Le Parisien : Le Gouvernement parle de gel des effectifs de fonctionnaires, mais il annonce une probable titularisation des emplois-jeunes dans l’éducation ou la police. N’est-ce pas contradictoire ?
Christian Sautter : Les jeunes qui vont prendre de l’expérience auront, à terme, une bonne aptitude pour passer les concours de recrutement de la fonction publique. Ceux qui le voudront entreront par la porte normale et remplaceront des policiers ou instituteurs qui partent à la retraite. Mais au total, s’il y a création d’emplois dans certains secteurs, il y aura réduction de postes ailleurs. Nous l’avons fait pour 1998 et nous continuerons.
Le Parisien : Revenons à l’épargne. Il semble surprenant que vous ayez renoncé à réduire les avantages de l’assurance vie liés à la succession, mesure qui profite aux plus riches, alors que vous taxez sensiblement les revenus de ce produit d’épargne cher à des millions de Français…
Christian Sautter : D’abord, notre mesure n’est pas rétroactive. Ceux qui ont un plan d’assurance vie en cours ne seront pas taxés à son échéance. Elle vaut uniquement pour les nouveaux contrats souscrits à partir du 15 septembre 1997 ou pour les contrats anciens qui auraient été révisés (versement inattendu, rachat partiel…). Une famille qui exécute strictement les clauses de son contrat n’est pas concernée. De plus, grâce à l’abattement à la base (30 000 F pour un célibataire, 60 000 pour un couple), le prélèvement libératoire de 7,5 % n’aura pas d’effet pour la majorité des Français concernés. Le contrat d’assurance vie gardera un rendement intéressant et, je le pense, restera attractif.

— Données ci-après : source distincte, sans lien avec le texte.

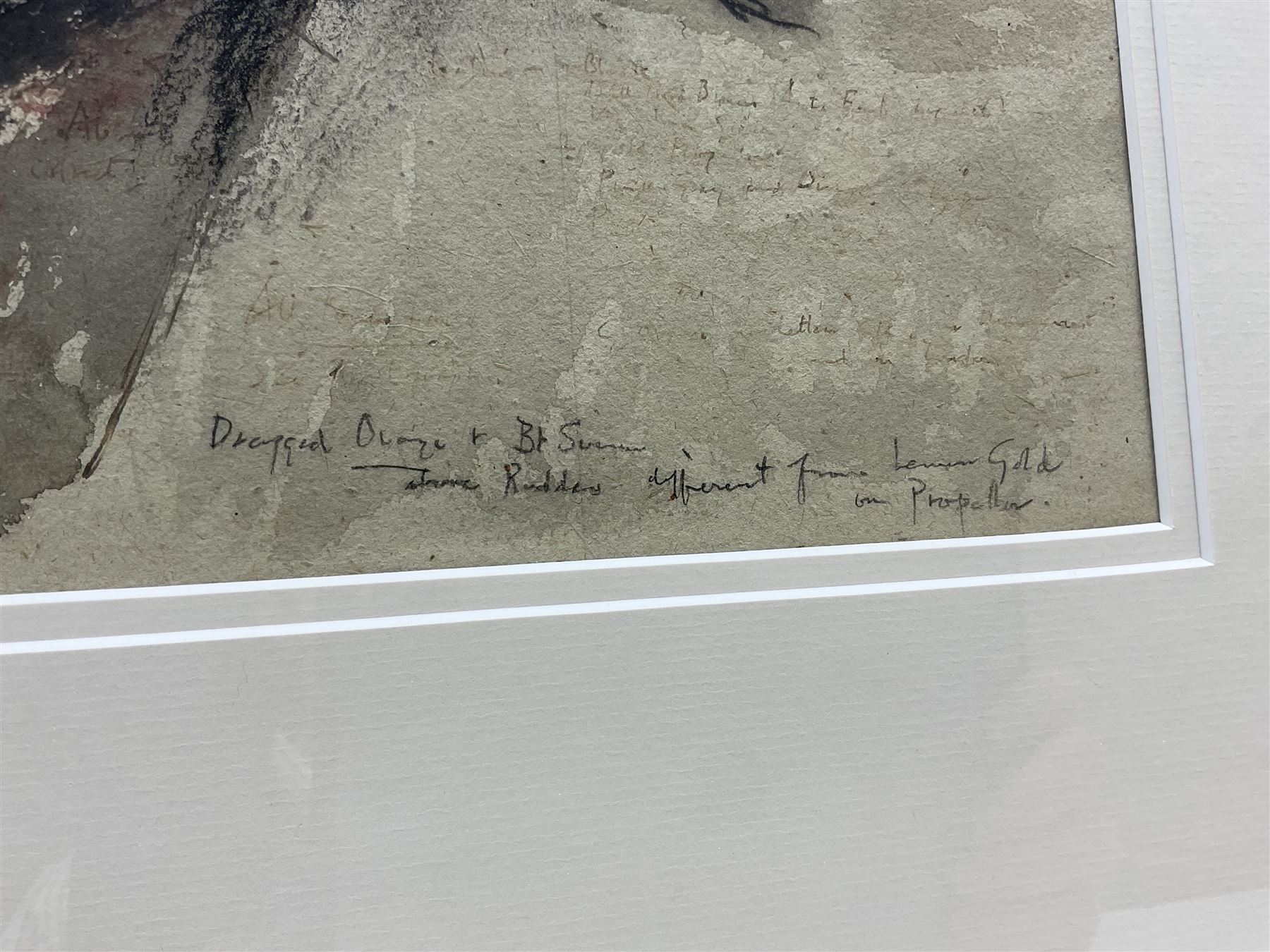 Allanson Hick (British 1898-1975): Ship in Dry Dock, watercolour, extensively inscribed and annotated in the artist's hand 30cm x 40cm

Le Parisien : Pendant la campagne, vous annoncez une baisse de la TVA dont on ne parle plus. Est-elle définitivement abandonnée ?
Christian Sautter : Lorsqu’il aura un peu de marge, je pense que nous la consacrerons en priorité à la TVA plutôt qu’à l’impôt sur le revenu.

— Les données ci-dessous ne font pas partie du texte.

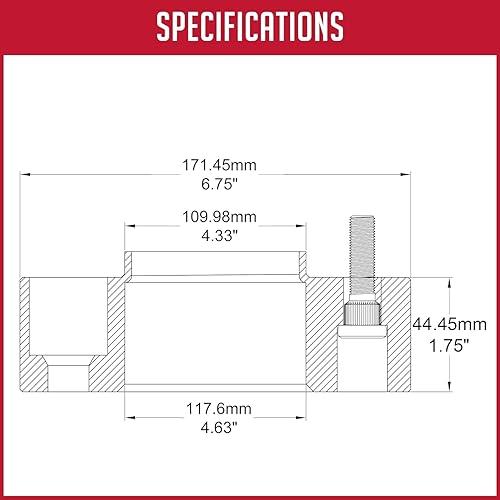 Miniatura 6 de Wheel Accessories Parts 2 espaciadores de rueda ATV UTV 4 en 5.394 in 0.157x5.394 in 1.75 pulgadas de grosor 4.331 in Hub M10 1.25 10x1.25 rosca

Le Parisien : Craignez-vous une évasion de l’épargne chez nos voisins européens où la fiscalité est plus accueillante ?
Christian Sautter : Malgré les mesures prises, qui sont très marginales, je pense que la sécurité pour l’épargne de Monsieur Tout-le-Monde, c’est en France qu’elle se trouve. À l’étranger, peut-être qu’en cherchant bien, on trouvera plus de rendement, mais il y a certainement moins de sécurité.
Le Parisien : Les fonctionnaires qui payeront la nouvelle CSG sur leurs primes auront-ils une compensation ?
Christian Sautter : Aucun fonctionnaire n’aura un impact négatif sur son traitement. Les agents de catégorie C gagneront car leurs primes sont faibles. Pour les cadres B, la mesure sera neutre. Ceux qui seraient perdants dans les catégories B et A auront une compensation comme cela avait été fait par Alain Juppé.
Le Parisien : Il y a eu débat au sein du gouvernement sur la mise sous conditions de ressources des allocations familiales. Certains souhaiteraient mettre d’autres allocations, comme la maladie par exemple, sous conditions de ressources. Quelle est votre position sur ce sujet ?
Christian Sautter : Cela a été fait pour la famille, afin d’organiser une redistribution des familles modestes. Il s’agit de demander un peu plus à ceux qui ont un revenu supérieur à 25 000 F par mois pour payer l’allocation de rentrée scolaire. Cela a été fait sur la famille, je ne pense pas qu’il soit question, ni à court, ni à long terme, de mettre sous conditions de ressources d’autres prestations sociales.